The I11L - Meanreverter 4h strategy operates under the principle of reversion to the mean, identifying moments when the market exhibits fear or greed. It primarily uses the Relative Strength Index (RSI) combined with moving averages (MA) to determine overbought or oversold conditions. The strategy is optimized for scenarios where the bond market is inversely correlated to stocks, an interplay revealed upon extensive backtesting.
Key parameters within this strategy include:
- Frequency: This smoothens the RSI curve, enabling the system to better "remember" recent price peaks.
- RsiFrequency: An RSI Frequency set at 40 takes into account the last 40 bars to compute the RSI.
- BuyZoneDistance: Determines the spacing between different trading zones; wider spacing means fewer signals but also longer holding times.
- AvgDownATRSum: Takes the sum of the average True Range (ATR) over 20 bars times the number of open trades as a basis for averaging down.
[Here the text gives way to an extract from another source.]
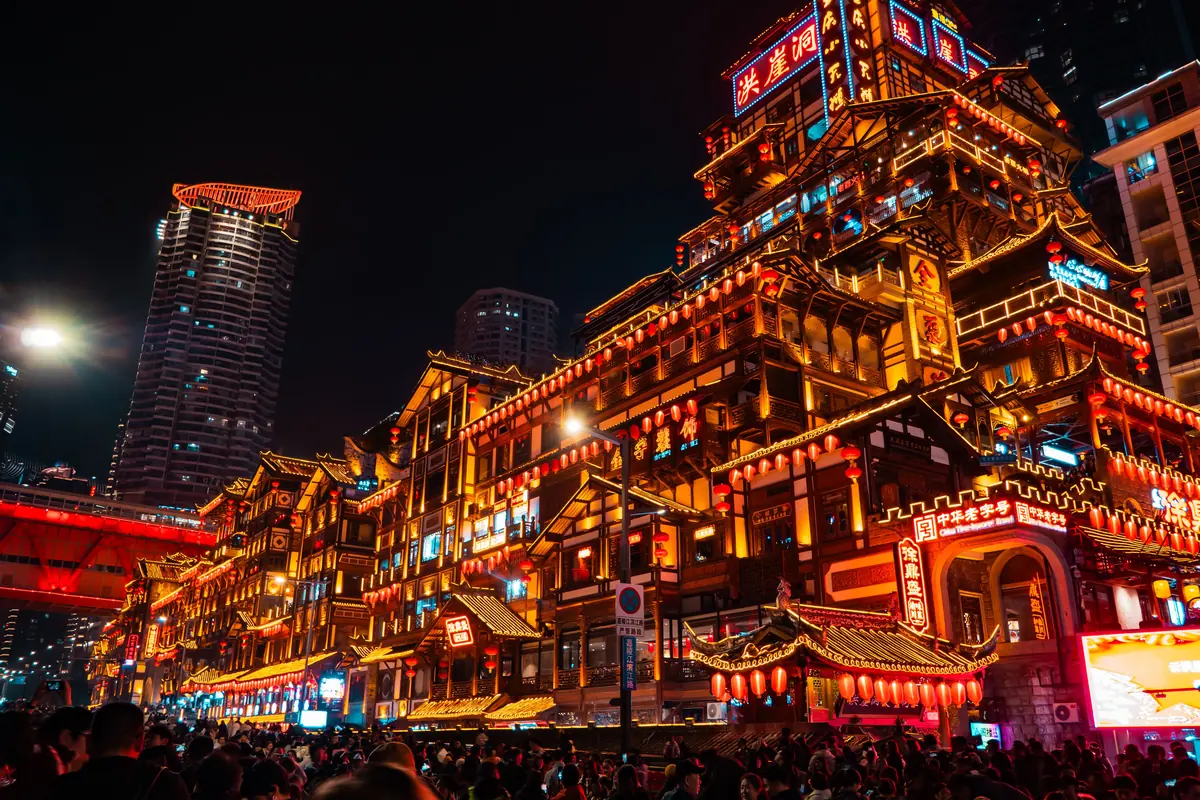 Hongya Cave iluminada en rojo y oro bajo un puente en Chongqing de noche, mostrada por su aspecto de palafito. Es un lugar distinto del teatro.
This variable adjusts dynamically to market volatility, increasing signals in low volatility settings and vice versa.
The strategy has been backtested, indicating strong past performance in US stocks, yet investors are cautioned to consider survivorship bias and overall market effects like correlation, which may limit signals. Full investment is necessary to achieve the anticipated annual return and to mitigate the risk of market downturns.